Le soleil a beau briller ce lundi de la fin du mois de mars à Dublin, on ne s’attend pas à trouver l’écrivain John Boyne, avec le teint hâlé et l’air tranquille du vacancier. Ne devrait-il pas être blême, hagard, s’agitant dans tous les sens ? Après tout, il est attendu au tournant. Car l’écrivain irlandais publie ce mercredi chez Lattès la suite de son best-seller bouleversant, Le garçon en pyjama rayé, vendu à six millions d’exemplaires, adapté au cinéma, et étudié dans toutes les écoles du monde.

Le garçon en pyjama rayé, c’est un extraordinaire roman de jeunesse où la Shoah est racontée à travers le regard d’un enfant. Et pas n’importe lequel, parce que Bruno se trouve être le fils d’un haut dignitaire nazi, responsable des horreurs d’Auschwitz. En véritable maître du suspense et de la narration, l’écrivain irlandais a l’art de faire basculer le dénouement et de laisser au lecteur autant de questions que de réponses.

La suite de cette histoire, qui paraît donc 17 ans après le premier volet, est intitulée La vie en fuite. Ce roman est écrit non pas pour les enfants, mais pour les adultes. Gretel, la grande sœur de Bruno, devenue très vieille dame, raconte sa vie dans le secret et le mensonge, cachée aux quatre coins du globe, et le sentiment de culpabilité qui ne l’a jamais quittée.

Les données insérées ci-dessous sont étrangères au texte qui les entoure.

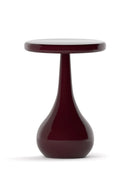 Enva Side Table Set of 2 – Burgundy (Single)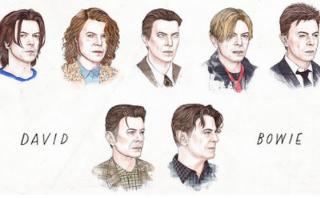 Fanáticos lloran a David Bowie con GIF sobre su vida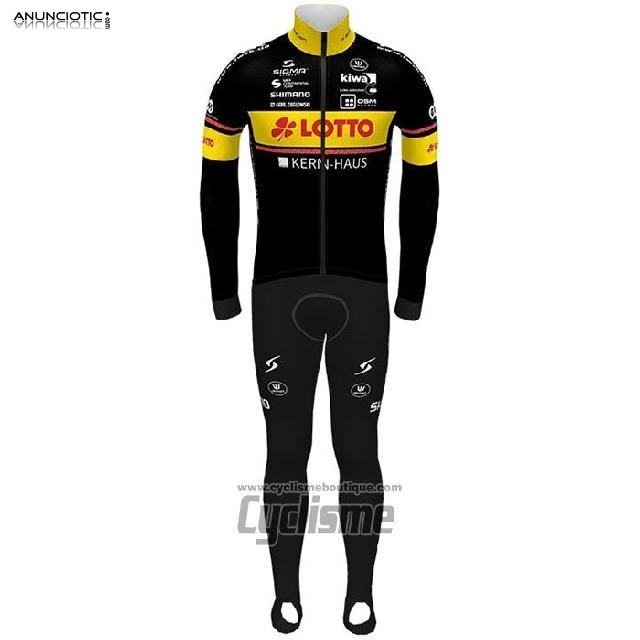 V&ecirc;tements de cyclisme bon march&eacute; et de haute qualit&eacute; Lotto-Kern Haus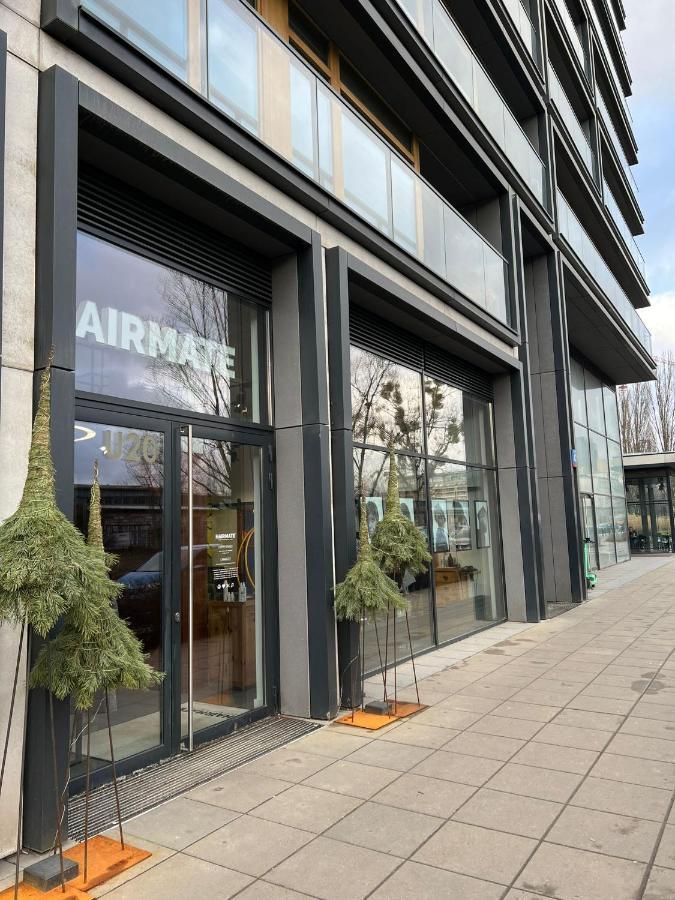 Apartament Warszawa Kolejowa Hub Expo Exteriör bild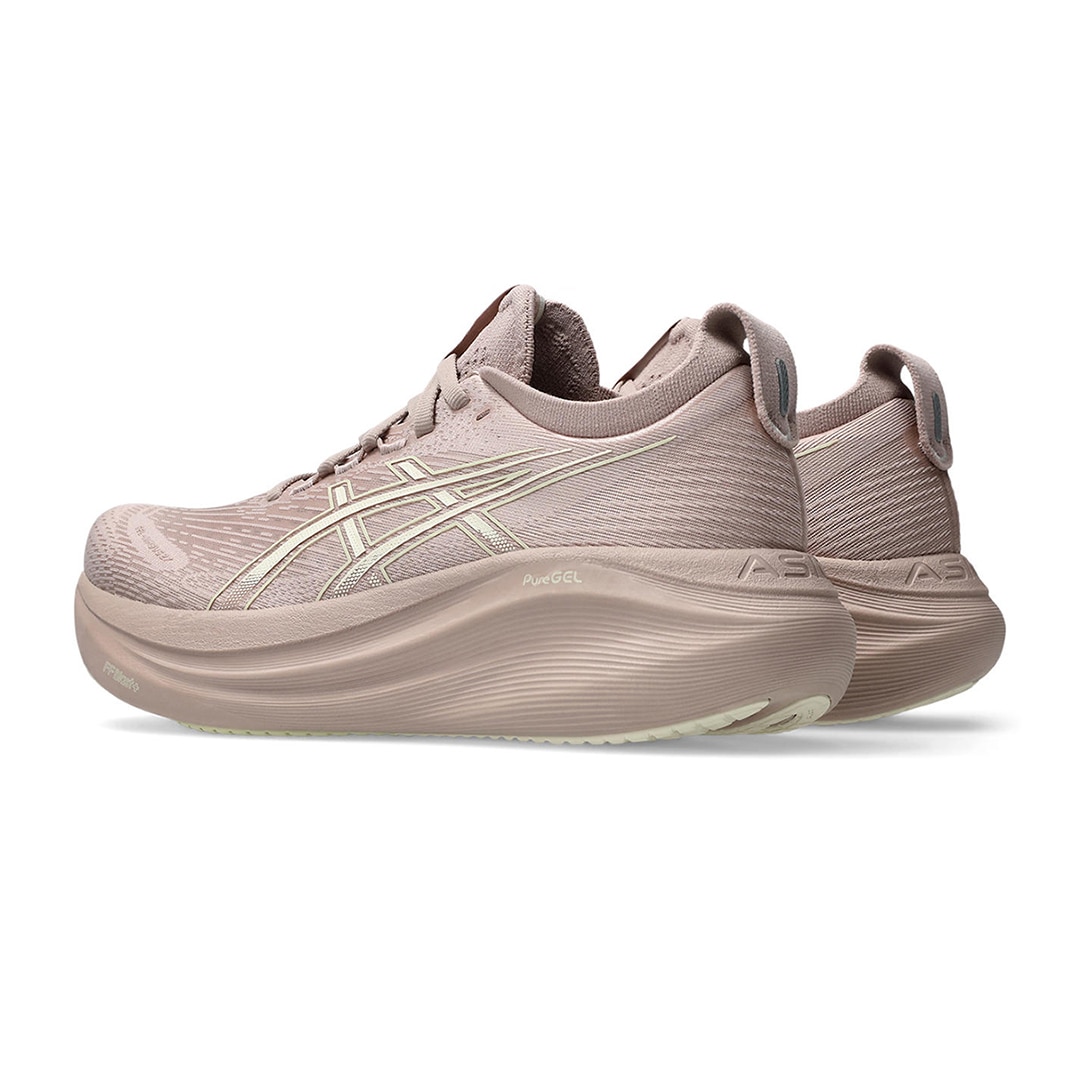 Sapatilhas de Running de Mulher Gel-Nimbus 27 Bege / Bege-5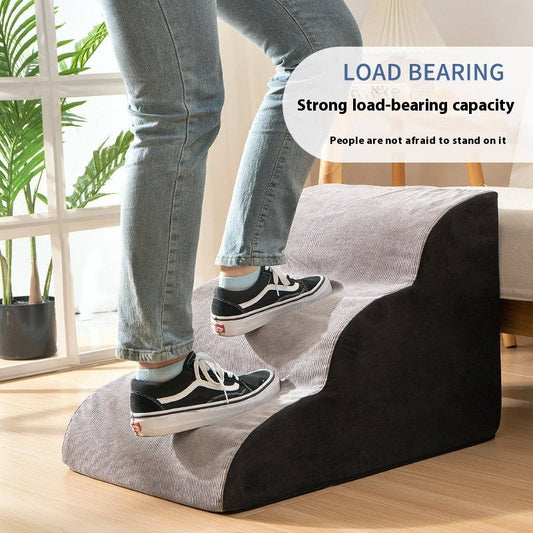 Household Small Dog Stairs Wave Pet Stairs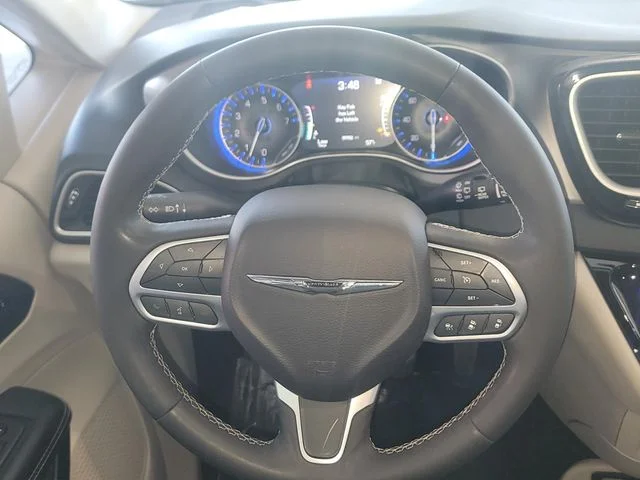 Certified Used 2024 Blue Chrysler Touring L image 13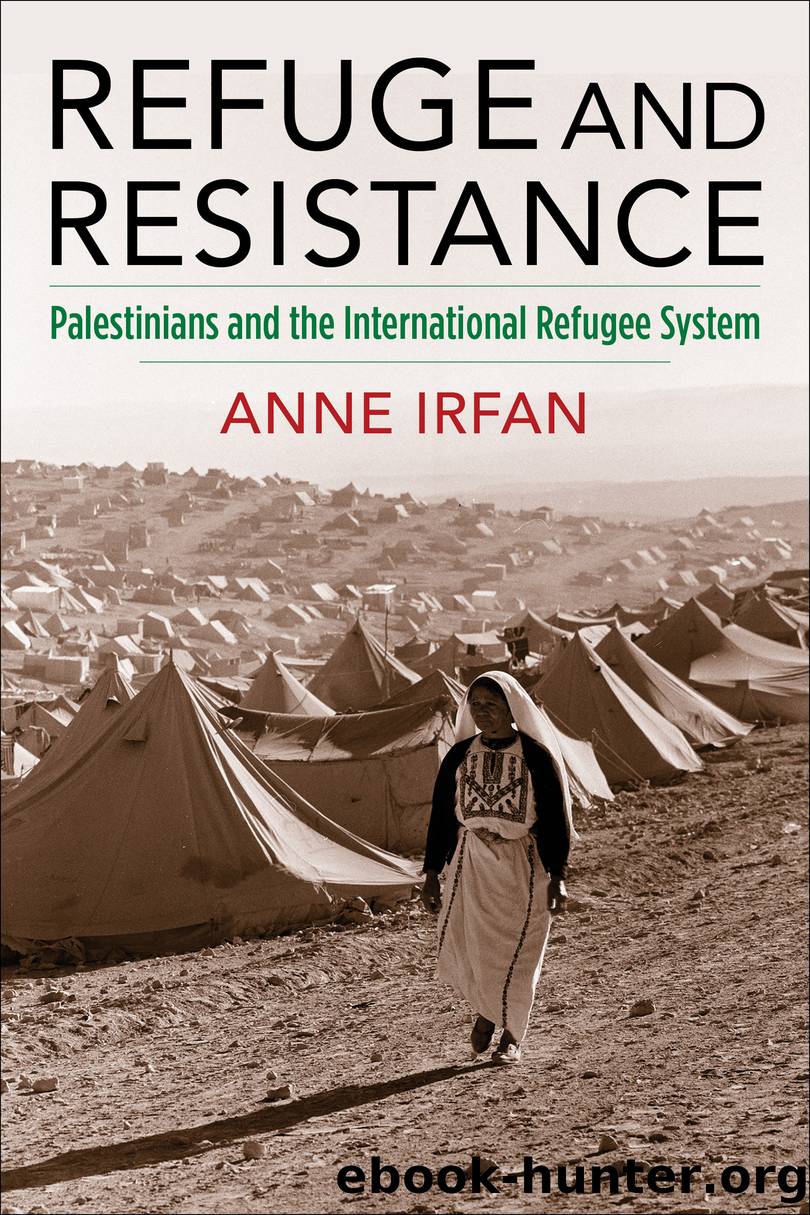 Refuge and Resistance by Anne Irfan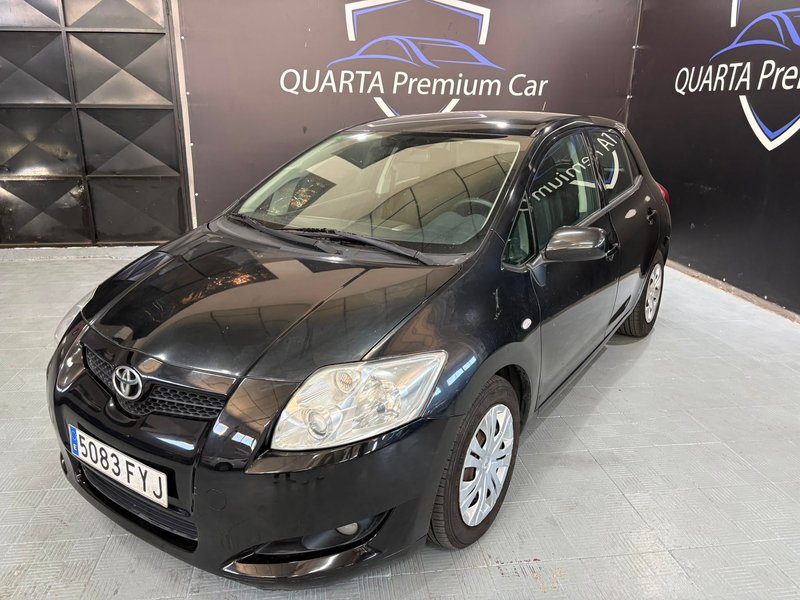 Toyota Auris 1.4 D-4D 3p / 5p 2007, foto 5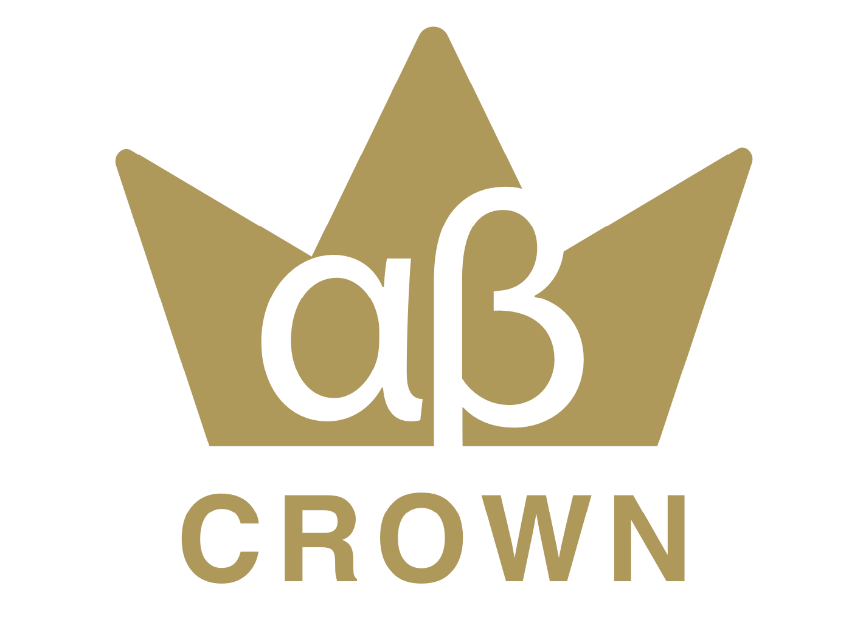  The AB crown logo.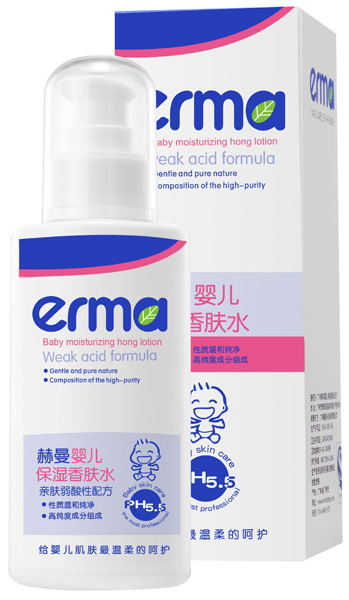 赫曼嬰兒保濕香膚水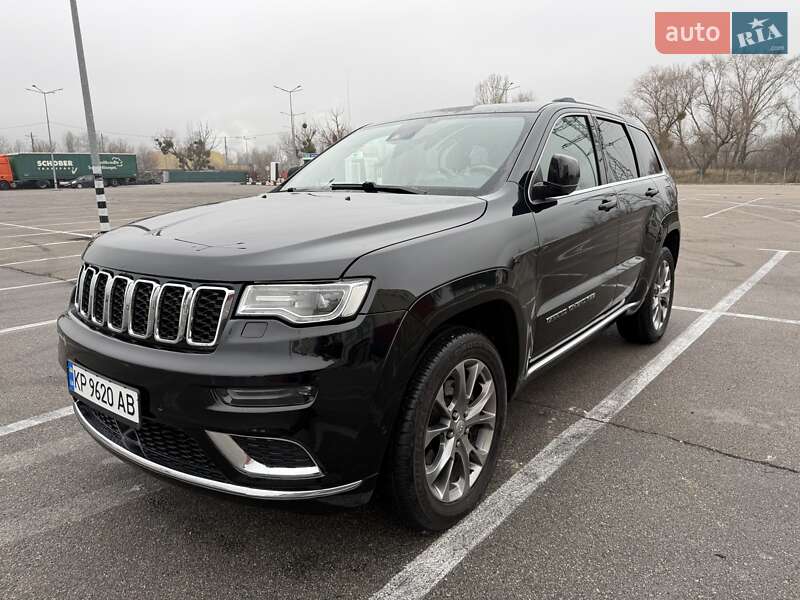 Внедорожник / Кроссовер Jeep Grand Cherokee 2019 в Киеве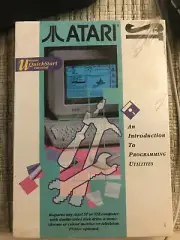 INTRODUCTION TO PROGRAMMING UTILITIES Atari 1040/Mega/TT ST NEW Disk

De l’Irlande à l’Australie

Toujours est-il que l’on envie la tranquillité de John Boyne cet après-midi-là, à l’étage d’un pub irlandais du centre-ville animé de la capitale irlandaise. En dégustant une salade arrosée d’une pinte de bière – on est Irlandais ou on ne l’est pas –, il nous explique qu’il revient d’Australie où il s’est rendu une vingtaine de fois ces dernières années. Les sources de son inspiration, il les puise sur cette île un peu plus vaste que son Irlande natale. « Les gens pensent toujours qu’un écrivain irlandais est nécessairement influencé par James Joyce. Pour ma part, je n’ai jamais lu Ulysse », confie-t-il avec un sourire un poil embarrassé.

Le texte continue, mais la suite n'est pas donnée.